Yes, he should probe Buhari to recover our looted funds. He should even go back to 1999, so that it won’t look as if it is Buhari that is being singled out. He can set up a panel of highly respected patriotic Nigerians or a judicial panel of inquiry, but whatever they are able to unearth will be submitted not to EFCC, but to a very strong team of lawyers who are knowledgeable and patriotic in the area of litigations so that they can litigate properly, because some of the cases are thrown out on want of diligent prosecution. Right now, what happens in the country is that people steal not what they need, but they steal what they need to defend themselves should the the need arise.
There was a time the South-East was the safest region in the country. Right now, the security situation is worrisome. How can this insecurity be tackled?
You are right; it is such a very painful thing. I’m in the East as we speak. I was invited as one of the leaders to a meeting at the Imo Government Lodge at Abuja for this purpose with the five governors andsome members of the national assembly. I would have been there, but I got the information very late.
Our governors have failed us. Those who were there when all these things started failed us, and the current governors who emerged on May 29 are failing as they are yet to agree among themselves on the synergy that would be needed to address this matter. Rather than sit back and issue statements and release orders, ordering market people to go about their businesses, I had thought that there should be a major summit that would involve for instance: Market association leaders, artisan unions; transport union leaders, leaders of oil marketers association, and others. These are the leaders who make things happen, who will call their association members out and urge them to take the risk and defend themselves or they would be out of business as this may never end anytime soon. Traditional rulers will be included and town union leaders. Not those who live outside their domain, but people who know what is happening and they are home with their village people. Time has passed when we used to say they were Fulani herdsmen. These are our sons and daughters, evidence abounds everywhere. This is as far as the states in the South-East are concerned.
I’m disappointed in the Federal Government in matters like this. I wouldn’t know why they chose the option to rendition Nnamdi Kanu in the manner that they did, which is so very scandalous. Whereas we now have this young man in Finland, causing this trouble that people are having here, and the Nigeria government cannot use diplomatic channel to go to the Finnish Government. Even if they say in their country, they protect people’s right of expression, but there is also a Treaty on cyber terrorism, which Finland is a signatory to. It may not only involve going to Finland, but reaching out to all our allies that we have good relationship with – the US, UK, France, etc so that this guy would be stopped. What about those who are owners of the platforms that he uses to make his broadcasts? Why can’t they shut his accounts? The federal government right from Buhari to this present time, even though this one will say he is yet to settle down, is insensitive to what is going on in that region.

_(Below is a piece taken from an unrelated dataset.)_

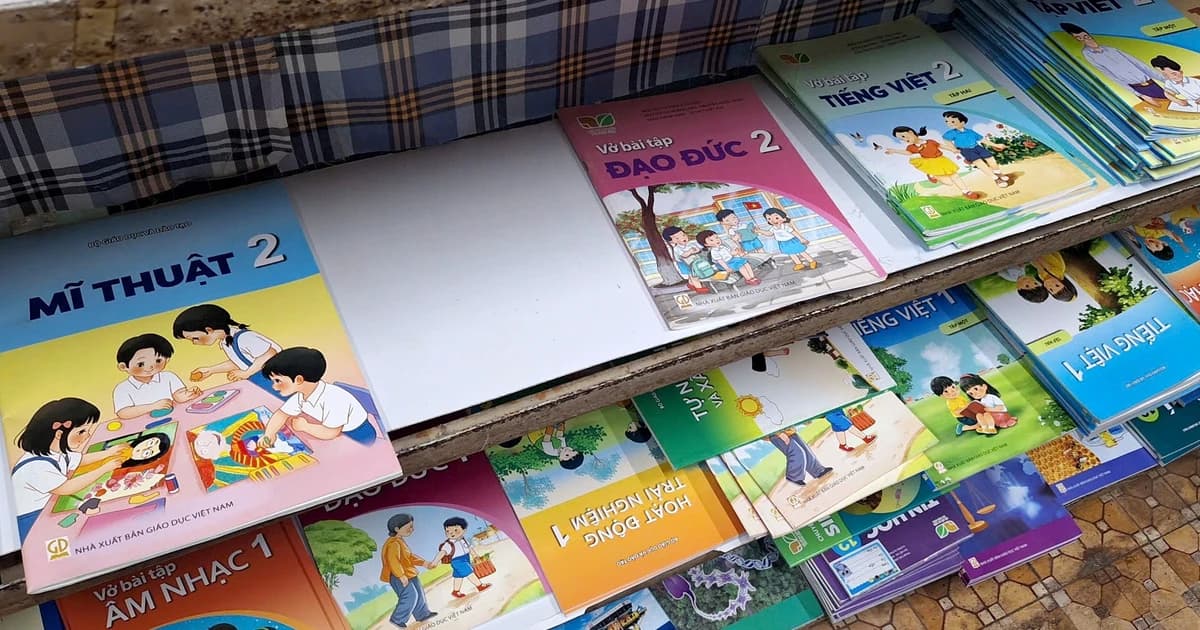 TP Huế cung ứng đủ SGK thiếu cục bộ cho học sinh trước ngày 18/9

What do you mean FG is insensitive to what is happening in the South-East?
Yes, right from Buhari. The impression we have here is that the Federal Government feels that we might as well decimate ourselves, but they are wrong. They don’t know that what affects one part equally affects the other. There is nowhere economic growth in one part of the country will not positively impact on the other parts of the country and vice versa. It is unfortunate that the impression is there, and the type of attention that ought to be given by the Federal Government is lacking.
What do you expect Tinubu to do on the Nnamdi Kanu matter?
Nnamdi Kanu’s release is very central to resolving the insecurity problem we have in the South-East, especially with regard to the issue of sit-at-home. Because even the criminals who are enforcing this, who are not members of the IPOB are also hiding under the guise of non-release of Nnamdi Kanu to justify what they are doing. Whereas Nnamdi Kanu’s own organisation has since distanced itself from it, the thing still continues. If he comes out, we know we’ll be able to isolate the real criminals and genuine agitators for self determination because these are two different kinds of people.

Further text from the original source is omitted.